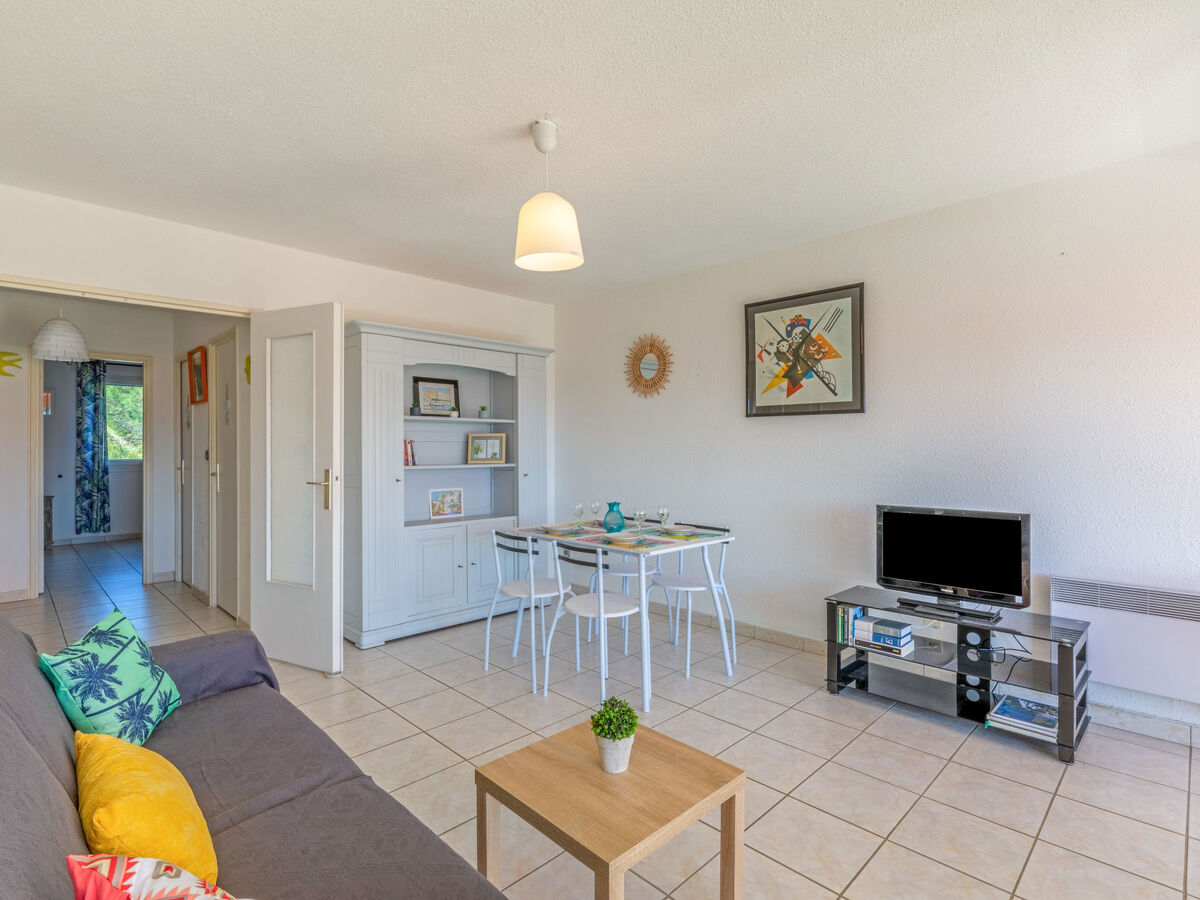 Apt 2 pièces rénové avec terrasse vue mer à Sainte Maxime - Photo 6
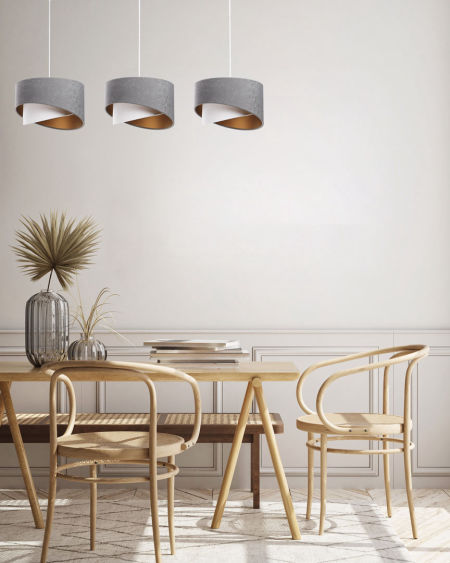 Szaro-biała lampa wisząca z welurowymi abażurami i złotym wnętrzem, na listwie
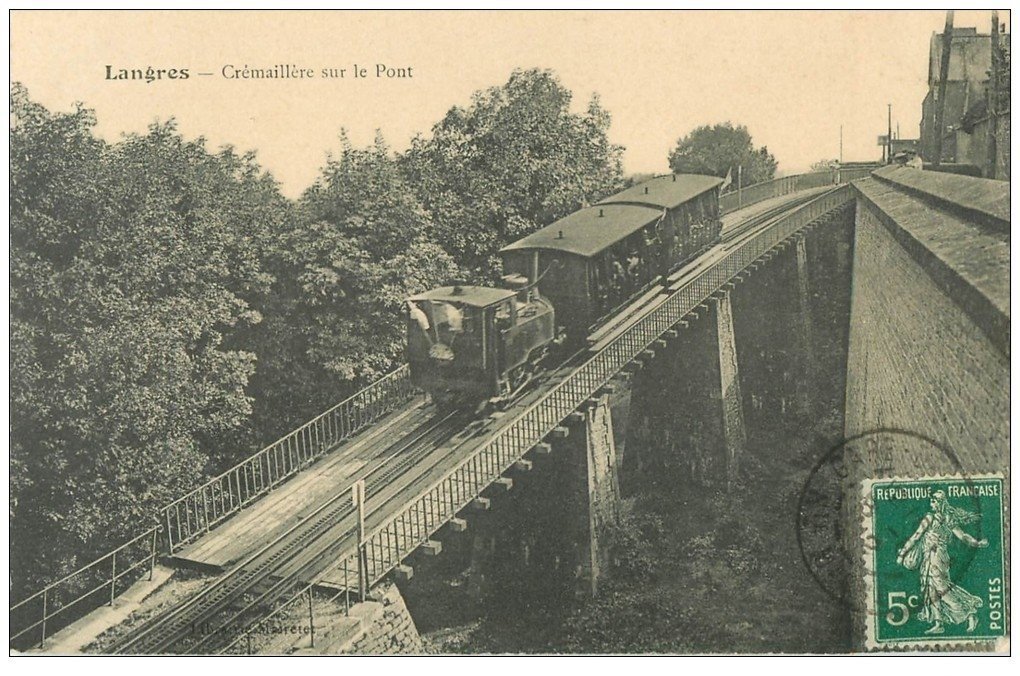 Carte Postale Ancienne 52 Langres - Le Chemin De Fer à Crémaillère Reliant La Gare à La Ville - 1900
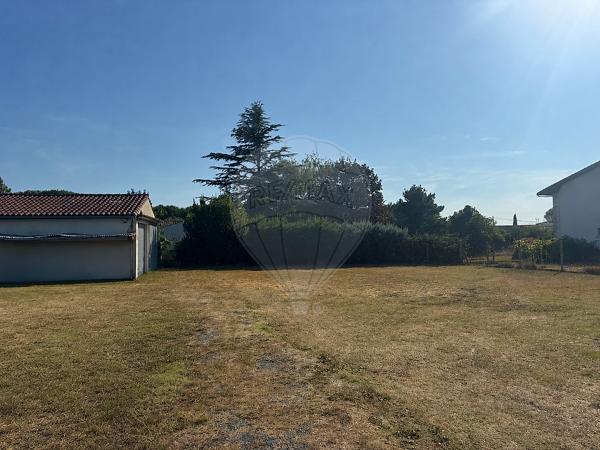 Terrain à vendre - Royan, Charente-Maritime - 17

○ ○ ○

Produce an exact copy of the lines from the line containing "Szaro-biała lampa wisząca" to the end of the material, both ends included, and omit every picture.

 Szaro-biała lampa wisząca z welurowymi abażurami i złotym wnętrzem, na listwie
 Carte Postale Ancienne 52 Langres - Le Chemin De Fer à Crémaillère Reliant La Gare à La Ville - 1900
 Terrain à vendre - Royan, Charente-Maritime - 17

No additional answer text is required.